15日、集団的自衛権行使容認で安倍総理記者会見 NHKおはよう日本 2014.5.17 |
安倍総理の打ち出した集団的自衛権の行使で揺れる日本国憲法第9条だが、憲法前文に言う平和を愛する諸国民の公正と信義に頼ってばかりはいられず、自国の平和と安全を守るために解釈が変わってくることは当然であり、何時までも理想国家を追うことは無理なのだ。
この基本が今崩れようとしていることは中国の東シナ海、南シナ海の領土紛争を見ていても分かる。東シナ海で、力ずくで艦船を追突させ、逆に相手から追突されたと発表する中国に呆れかえるばかりだ。
国連の常任理事国である中国やロシアが領土紛争の当事者になっているのだから国連の集団的安全保障体制にゆだねることも出来ないのだ。世界情勢を考えるとき、米ソの冷戦の時代は終わったとは言え、対中国、ロシアの対立構図は変わらない。
集団的自衛権の考え方は岸信介総理の時の「一切の集団的自衛権を憲法上持たないと言うことではない」という発言だったようだ。安倍総理はこの岸・元総理の集団的自衛権を拡張しようとしているのか。
日本は終戦でポツダム宣言受諾し、民主国家を構築する必要に迫られていた。言われているほど「押しつけ憲法」ではなかったが、二度と悲惨な戦争は起こしてはならないという理想の基で戦争放棄の第9条が制定された。

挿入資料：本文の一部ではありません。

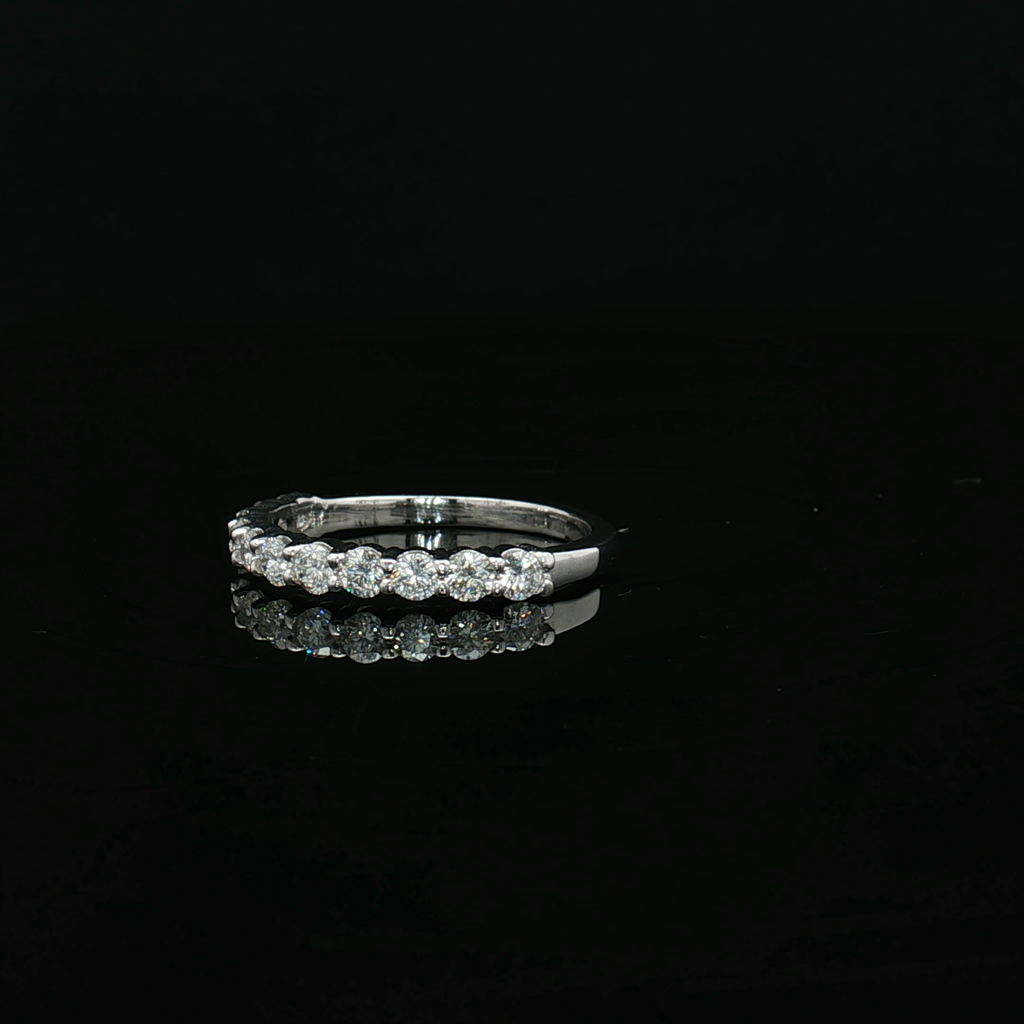 Diamond Anniversary Ring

しかし、これもその時の世界情勢に対応して考え方が変遷しているのは確かだし、そうあるべきだと思うが安倍総理も言っているように「日本から戦争を起こすようなこと」はあってはならないのだ。
ところが一方で、日本が自衛権を強化する程、中国、韓国は外交姿勢を硬化させるが、安倍総理が訪問した諸外国は理解を示していると安倍総理は言及する。

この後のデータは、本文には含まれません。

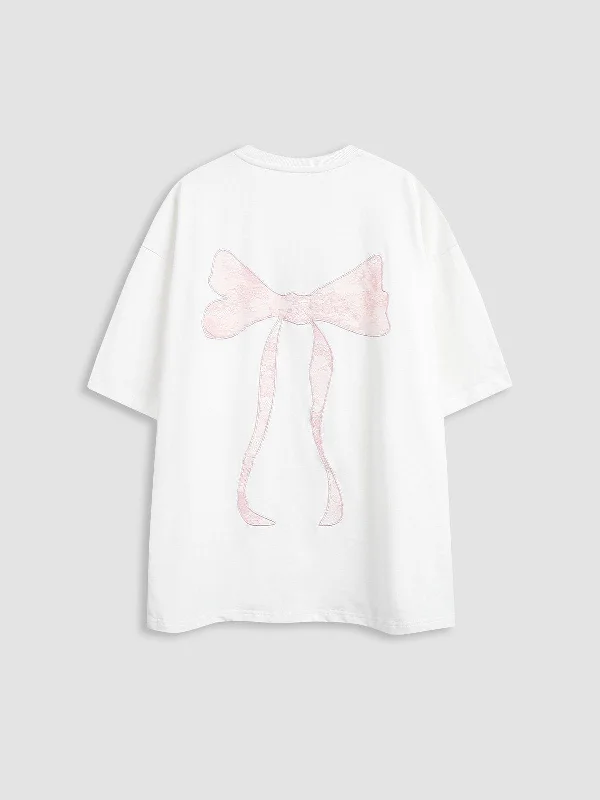 Aelfric Eden Lace Bow Tee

日米同盟強化のためと言う説明もするが、米国も外交上は理解を示し評価するも優先度は低く、今一番の優先度は貿易、TPPだと米国の外交専門家は言う。
15日夕、安保法制墾の報告書を受けての安倍総理の記者会見は「国民の命を守る」と力説した行使事例は戦闘地域から日本に退避する邦人等の乗った米鑑の護衛・防衛には首をかしげざるを得ない。今のままでは自衛隊は対応できないというのだ。
集団的自衛権の行使に慎重な公明党は「集団的自衛権を持ち出さなくても従来の個別的自衛権、警察権の行使で対応できる」というが、「駆けつけ警護」では容認(読売新聞2014.5.17)する方針だという。

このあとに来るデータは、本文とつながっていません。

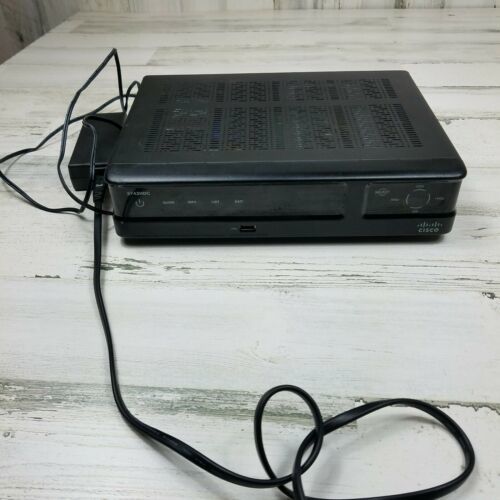 Cisco 8742HDC High Def Cable Box Receiver With Power Adapter Cable TV Boxes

与党の一員として集団的自衛権行使容認に反対すれば与党離脱と言うことにもなりかねず、政局になる事だけは避けたいのだろう。
近隣諸国とは信頼を崩しているし、自衛隊は平和維持のため海外で活動する機会が増えている。日本から戦争を仕掛けることはないだろうが、先の戦争のことを考えると近隣諸国はそうは考えていない。
場合によっては近隣諸国から突発的に戦争の発端になる事態が発生する危険があることは否定できない。
今の中国の東シナ海、南シナ海の領土紛争、韓国との領土紛争を見ても「国際法のルールに則って」と言っても通用する国ではない。彼らには力ずくしかないのだ。
今、いろんな問題は出ているが安倍内閣の支持率が高いのは、中国に対して強い対応をし、経済面では「円高から円安へ、株安から株高へ」と一応の成果を示している。「政策に期待出来るから」、「他の政権に比べてマシだから」が主な理由だろう。不思議に「安倍さんが総理だから」ではないのだ(世論調査の設問にも夜のだろうが)。
安倍総理が今後、第9条、個別的自衛権、警察権、限定的集団的自衛権を国民にどう説明して行くのか。
安保法制墾の報告書を読んでも、なかなか理解するのが難しい。YESマンだけ集めた懇談会なのだろうが、反対意見に対しても考え方を示しているようだ。
安倍総理がどの程度理解しているのか知らないが、国会審議を十分にこなし、決して官僚の作成したペーパーの棒読みで終わってほしくない。
今こそ、「万機公論に決すべし」だ。